Below is a listing with pictures. Repeat exactly the lines starting at the one holding "2314 Revolt Rd, Manistee, MI" and going on through the one holding "High neckline cocktail", and leave every picture out.
=== Excerpted data ===
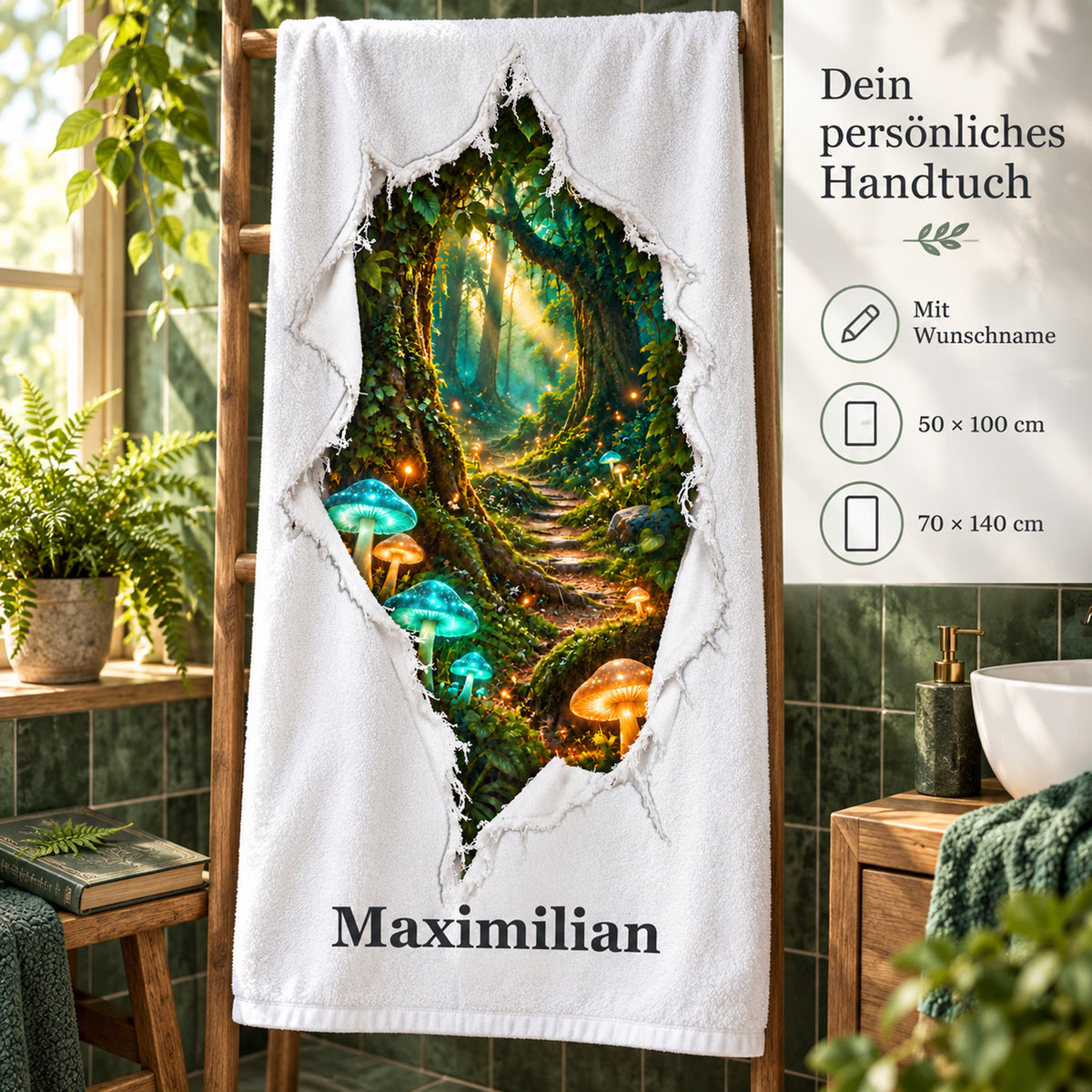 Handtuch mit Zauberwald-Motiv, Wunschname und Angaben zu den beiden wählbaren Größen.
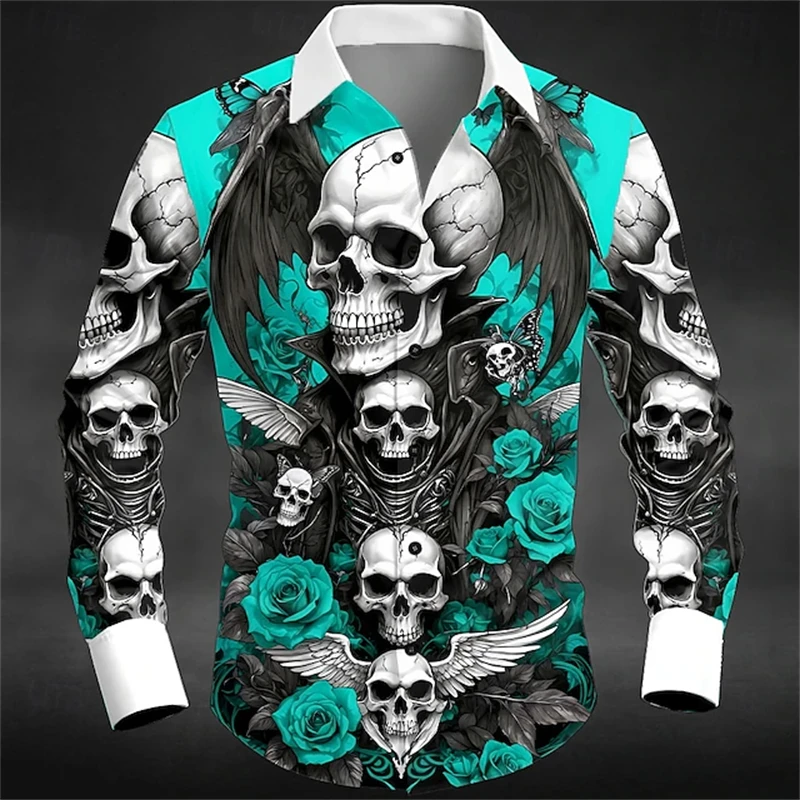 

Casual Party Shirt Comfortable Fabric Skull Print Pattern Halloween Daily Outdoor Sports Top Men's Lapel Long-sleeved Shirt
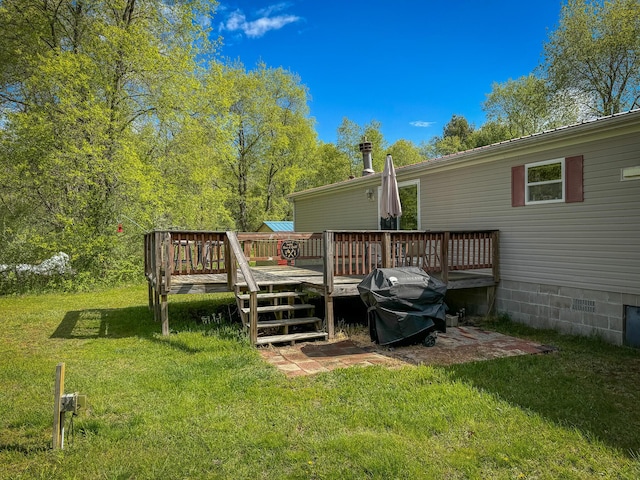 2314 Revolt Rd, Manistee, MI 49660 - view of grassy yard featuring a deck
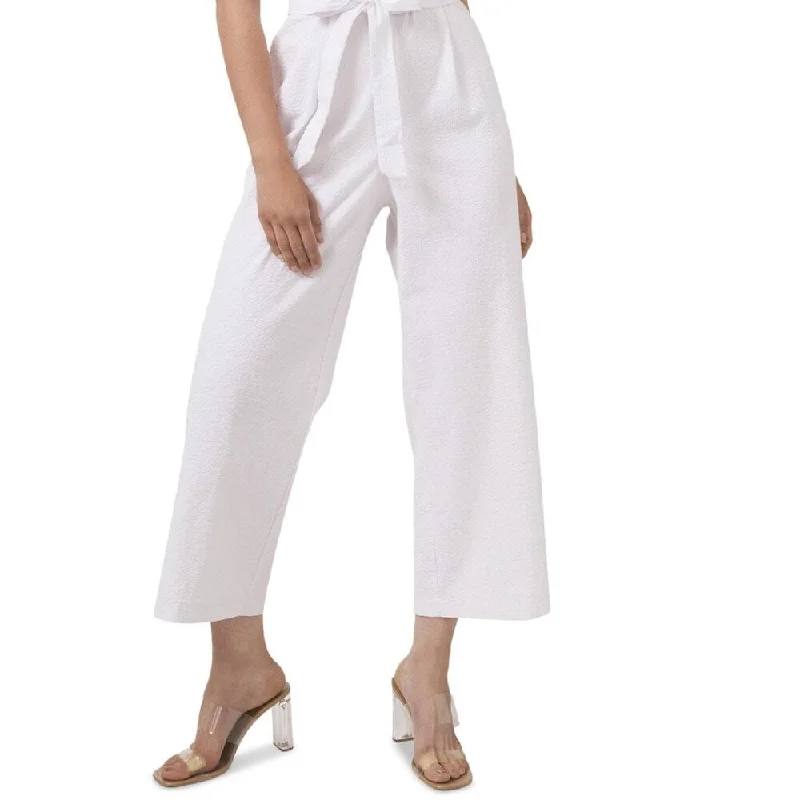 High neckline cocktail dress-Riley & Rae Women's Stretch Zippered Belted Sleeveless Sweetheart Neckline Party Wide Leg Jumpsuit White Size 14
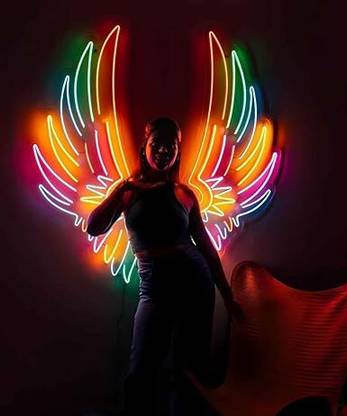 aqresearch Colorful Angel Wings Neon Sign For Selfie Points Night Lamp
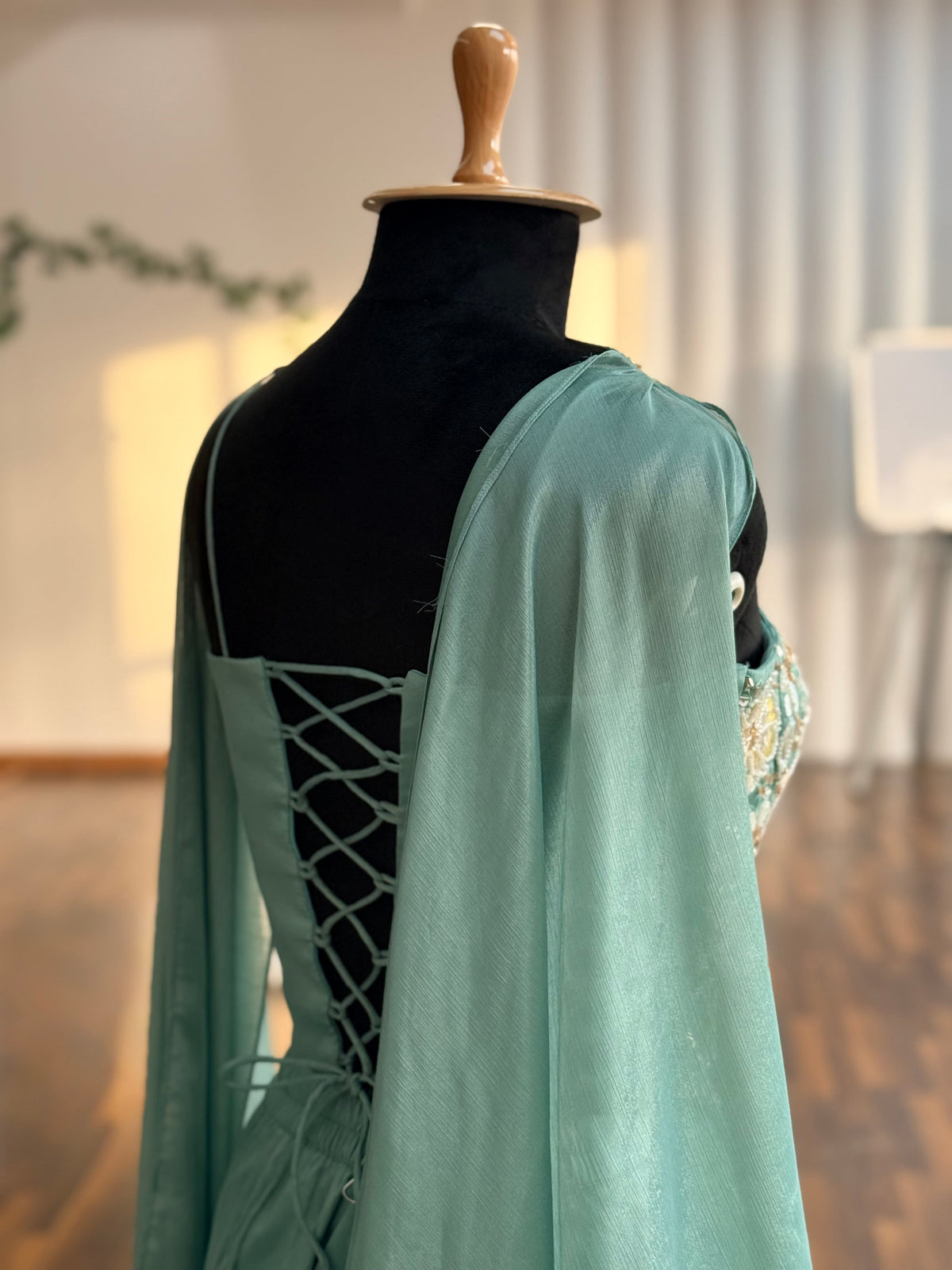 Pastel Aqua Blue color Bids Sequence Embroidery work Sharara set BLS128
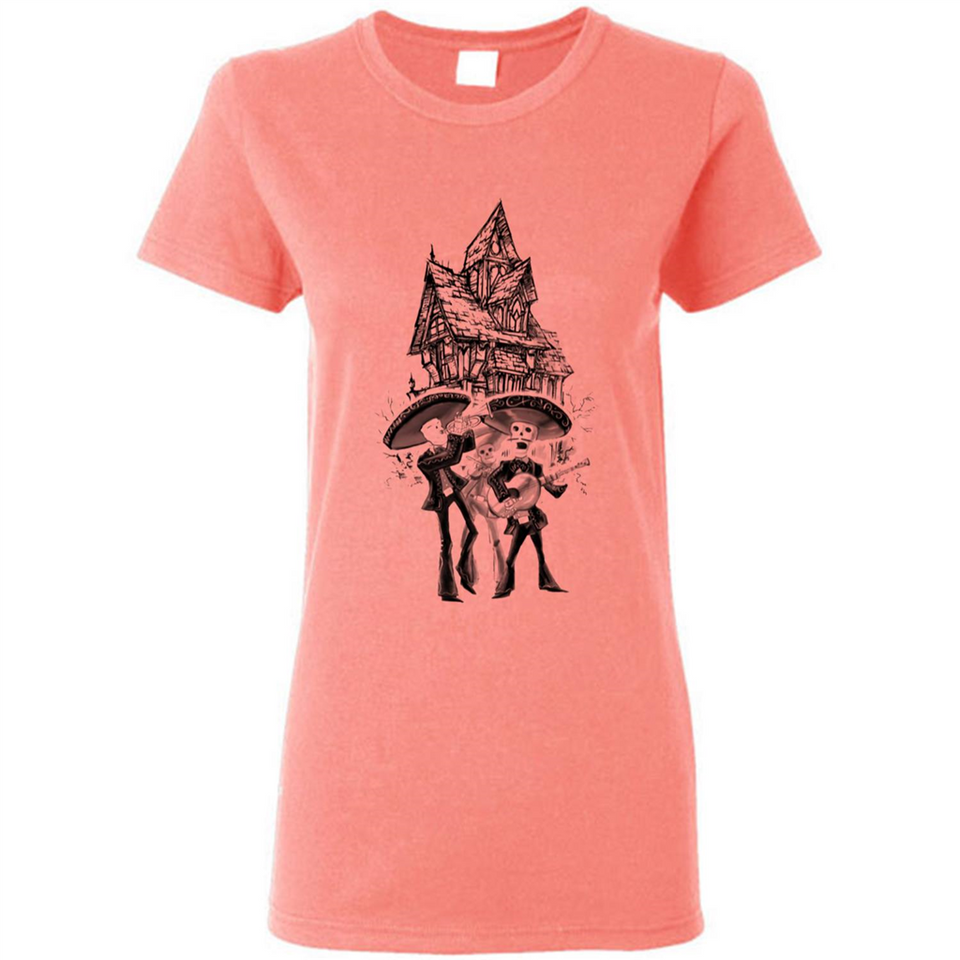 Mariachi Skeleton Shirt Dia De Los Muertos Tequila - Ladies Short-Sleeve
===
§ **Response to the task**
 2314 Revolt Rd, Manistee, MI 49660 - view of grassy yard featuring a deck
 High neckline cocktail dress-Riley & Rae Women's Stretch Zippered Belted Sleeveless Sweetheart Neckline Party Wide Leg Jumpsuit White Size 14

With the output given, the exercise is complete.